Tubulin acetylation deficiency promotes axonemal turnover and increases cytoplasmic microtubules.

Abstract

Tubulin post-translational modifications regulate microtubule dynamics. Although α-tubulin acetylation has been linked to microtubule stability, how this modification affects the overall organization of cellular microtubules remains obscure. Here, we generated a Chlamydomonas mutant lacking the acetyltransferase αTAT1, which completely abolished α-tubulin K40 acetylation.
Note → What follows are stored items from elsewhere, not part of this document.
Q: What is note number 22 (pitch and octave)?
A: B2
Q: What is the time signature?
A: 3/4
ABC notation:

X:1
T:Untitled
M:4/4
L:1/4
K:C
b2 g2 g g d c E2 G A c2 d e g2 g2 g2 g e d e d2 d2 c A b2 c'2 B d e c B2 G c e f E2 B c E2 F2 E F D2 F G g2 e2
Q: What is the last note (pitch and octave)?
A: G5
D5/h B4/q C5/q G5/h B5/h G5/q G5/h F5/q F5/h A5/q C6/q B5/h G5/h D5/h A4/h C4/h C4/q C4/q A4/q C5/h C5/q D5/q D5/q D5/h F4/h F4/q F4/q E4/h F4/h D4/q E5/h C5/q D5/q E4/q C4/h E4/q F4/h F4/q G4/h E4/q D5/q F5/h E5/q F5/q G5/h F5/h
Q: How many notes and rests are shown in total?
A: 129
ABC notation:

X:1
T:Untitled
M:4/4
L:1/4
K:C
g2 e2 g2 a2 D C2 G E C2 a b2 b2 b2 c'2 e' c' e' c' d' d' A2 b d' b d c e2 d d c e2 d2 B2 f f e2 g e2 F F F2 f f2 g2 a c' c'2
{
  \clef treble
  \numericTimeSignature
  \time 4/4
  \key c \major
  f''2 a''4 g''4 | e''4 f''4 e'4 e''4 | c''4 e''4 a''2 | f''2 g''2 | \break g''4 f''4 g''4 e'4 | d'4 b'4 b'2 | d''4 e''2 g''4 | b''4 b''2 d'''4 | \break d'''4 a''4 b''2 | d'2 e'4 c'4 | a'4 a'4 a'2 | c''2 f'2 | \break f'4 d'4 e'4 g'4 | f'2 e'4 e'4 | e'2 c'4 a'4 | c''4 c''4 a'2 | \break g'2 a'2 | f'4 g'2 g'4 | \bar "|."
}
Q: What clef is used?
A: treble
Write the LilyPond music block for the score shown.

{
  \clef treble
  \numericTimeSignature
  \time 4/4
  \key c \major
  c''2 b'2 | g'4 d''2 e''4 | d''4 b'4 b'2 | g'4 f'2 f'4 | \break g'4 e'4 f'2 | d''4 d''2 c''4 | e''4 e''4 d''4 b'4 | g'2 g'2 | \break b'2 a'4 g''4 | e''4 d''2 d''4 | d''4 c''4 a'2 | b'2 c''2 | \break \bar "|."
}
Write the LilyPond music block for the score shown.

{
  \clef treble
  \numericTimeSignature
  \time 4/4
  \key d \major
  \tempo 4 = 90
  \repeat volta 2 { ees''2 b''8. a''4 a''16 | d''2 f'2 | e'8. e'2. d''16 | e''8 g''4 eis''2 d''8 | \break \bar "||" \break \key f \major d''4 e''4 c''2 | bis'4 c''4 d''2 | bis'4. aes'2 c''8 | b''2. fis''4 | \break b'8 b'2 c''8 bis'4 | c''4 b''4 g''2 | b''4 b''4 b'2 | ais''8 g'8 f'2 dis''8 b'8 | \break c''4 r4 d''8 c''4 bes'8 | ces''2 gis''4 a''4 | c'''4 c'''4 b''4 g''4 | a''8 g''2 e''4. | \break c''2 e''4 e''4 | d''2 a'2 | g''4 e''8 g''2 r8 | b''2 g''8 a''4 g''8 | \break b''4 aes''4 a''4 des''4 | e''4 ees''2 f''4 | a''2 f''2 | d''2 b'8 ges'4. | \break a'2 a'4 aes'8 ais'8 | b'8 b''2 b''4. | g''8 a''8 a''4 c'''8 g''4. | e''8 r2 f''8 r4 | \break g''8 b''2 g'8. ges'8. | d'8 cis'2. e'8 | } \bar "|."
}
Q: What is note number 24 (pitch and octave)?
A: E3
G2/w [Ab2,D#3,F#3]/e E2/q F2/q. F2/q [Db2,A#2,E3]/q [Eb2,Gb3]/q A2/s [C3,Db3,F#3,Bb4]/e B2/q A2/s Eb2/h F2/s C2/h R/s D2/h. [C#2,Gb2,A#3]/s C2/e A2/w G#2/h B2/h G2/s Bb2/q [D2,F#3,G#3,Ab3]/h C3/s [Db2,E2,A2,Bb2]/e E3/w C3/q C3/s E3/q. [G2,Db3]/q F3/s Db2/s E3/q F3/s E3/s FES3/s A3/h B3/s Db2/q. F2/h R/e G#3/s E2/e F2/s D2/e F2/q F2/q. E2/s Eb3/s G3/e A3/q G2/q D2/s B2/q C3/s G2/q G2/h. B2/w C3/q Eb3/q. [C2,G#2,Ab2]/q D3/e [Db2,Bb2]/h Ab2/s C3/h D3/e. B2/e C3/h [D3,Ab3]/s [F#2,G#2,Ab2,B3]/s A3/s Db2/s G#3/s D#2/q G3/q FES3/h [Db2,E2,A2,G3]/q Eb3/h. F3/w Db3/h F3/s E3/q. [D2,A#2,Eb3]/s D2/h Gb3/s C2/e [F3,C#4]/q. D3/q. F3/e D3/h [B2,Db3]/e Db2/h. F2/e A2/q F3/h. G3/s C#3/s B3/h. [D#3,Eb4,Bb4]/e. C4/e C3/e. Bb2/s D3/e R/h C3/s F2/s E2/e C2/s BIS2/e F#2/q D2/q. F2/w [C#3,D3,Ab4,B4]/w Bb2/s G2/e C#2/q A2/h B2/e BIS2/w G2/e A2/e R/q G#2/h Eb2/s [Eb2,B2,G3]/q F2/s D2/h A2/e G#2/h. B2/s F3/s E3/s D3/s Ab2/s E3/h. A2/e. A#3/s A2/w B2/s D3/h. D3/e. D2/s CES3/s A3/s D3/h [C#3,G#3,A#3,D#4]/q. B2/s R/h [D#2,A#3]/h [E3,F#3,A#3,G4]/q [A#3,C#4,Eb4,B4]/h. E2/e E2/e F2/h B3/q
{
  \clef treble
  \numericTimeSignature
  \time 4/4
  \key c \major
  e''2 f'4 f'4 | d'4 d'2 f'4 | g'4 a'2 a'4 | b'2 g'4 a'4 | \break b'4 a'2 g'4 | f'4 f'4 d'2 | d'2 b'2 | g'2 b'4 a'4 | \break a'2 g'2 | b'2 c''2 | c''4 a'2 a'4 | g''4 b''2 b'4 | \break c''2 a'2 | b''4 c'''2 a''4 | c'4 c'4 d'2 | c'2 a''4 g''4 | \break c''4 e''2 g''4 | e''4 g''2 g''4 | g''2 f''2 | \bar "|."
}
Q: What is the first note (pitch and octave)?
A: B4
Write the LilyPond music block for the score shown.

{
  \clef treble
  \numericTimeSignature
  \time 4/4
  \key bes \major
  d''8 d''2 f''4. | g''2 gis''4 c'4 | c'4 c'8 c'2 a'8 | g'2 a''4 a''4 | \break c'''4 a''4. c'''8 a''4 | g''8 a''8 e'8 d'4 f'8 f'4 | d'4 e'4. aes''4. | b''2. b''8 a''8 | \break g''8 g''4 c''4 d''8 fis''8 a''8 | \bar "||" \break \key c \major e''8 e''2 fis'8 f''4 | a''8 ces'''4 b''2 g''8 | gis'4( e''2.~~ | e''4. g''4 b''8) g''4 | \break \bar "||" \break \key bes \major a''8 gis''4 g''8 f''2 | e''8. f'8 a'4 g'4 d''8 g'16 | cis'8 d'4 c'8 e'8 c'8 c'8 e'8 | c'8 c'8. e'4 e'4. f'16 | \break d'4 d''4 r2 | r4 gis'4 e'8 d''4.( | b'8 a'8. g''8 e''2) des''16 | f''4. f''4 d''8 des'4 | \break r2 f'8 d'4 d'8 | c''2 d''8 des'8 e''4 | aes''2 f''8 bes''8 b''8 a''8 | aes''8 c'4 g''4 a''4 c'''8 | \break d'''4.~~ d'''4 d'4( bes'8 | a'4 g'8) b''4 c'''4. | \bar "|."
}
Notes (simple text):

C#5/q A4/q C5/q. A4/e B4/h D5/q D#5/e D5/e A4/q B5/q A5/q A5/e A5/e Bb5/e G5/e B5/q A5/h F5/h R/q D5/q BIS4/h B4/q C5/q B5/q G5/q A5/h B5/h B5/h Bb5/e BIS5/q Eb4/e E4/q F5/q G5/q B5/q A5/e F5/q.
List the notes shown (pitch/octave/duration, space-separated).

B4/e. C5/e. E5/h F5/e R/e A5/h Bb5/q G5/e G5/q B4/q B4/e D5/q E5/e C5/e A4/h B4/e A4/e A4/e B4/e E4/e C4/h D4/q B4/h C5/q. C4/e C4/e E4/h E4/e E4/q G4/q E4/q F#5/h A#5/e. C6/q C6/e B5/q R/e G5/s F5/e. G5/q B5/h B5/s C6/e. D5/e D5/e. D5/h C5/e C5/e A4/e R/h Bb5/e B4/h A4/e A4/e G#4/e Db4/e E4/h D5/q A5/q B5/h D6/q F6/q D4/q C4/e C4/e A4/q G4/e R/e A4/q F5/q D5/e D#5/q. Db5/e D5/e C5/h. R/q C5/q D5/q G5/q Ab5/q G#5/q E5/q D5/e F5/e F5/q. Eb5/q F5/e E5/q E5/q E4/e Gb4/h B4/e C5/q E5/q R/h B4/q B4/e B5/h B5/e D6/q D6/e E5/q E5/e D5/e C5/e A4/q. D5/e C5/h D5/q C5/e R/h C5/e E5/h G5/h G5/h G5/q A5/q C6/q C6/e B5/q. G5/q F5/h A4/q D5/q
Surprisingly, the steady-state lengths of normally acetylated structures, axonemes, and rootlets were largely unaffected. αTAT1 was found to localize to the ciliary tip, where it may stabilize the distal axoneme. Consistent with this, loss of acetylation caused an increase in axonemal tubulin turnover, as revealed by dikaryon-fusion assays. Unexpectedly, the atat1-1 mutant displayed an increased number of dynamic cortical microtubules and could regenerate long cilia after amputation, even when protein synthesis was inhibited. Notably, this increase in cortical microtubules required the presence of cilia, as the atat1-1 mutant carrying the ift46-1 mutation, which abolishes ciliogenesis, exhibited normal cortical microtubule levels. Despite these dramatic cytoskeletal changes, cell growth and division remained essentially normal. These findings suggest that acetylation modulates microtubule behavior by regulating axonemal tubulin turnover and cytoplasmic microtubule dynamics, while cellular morphology is buffered against variations in microtubule content.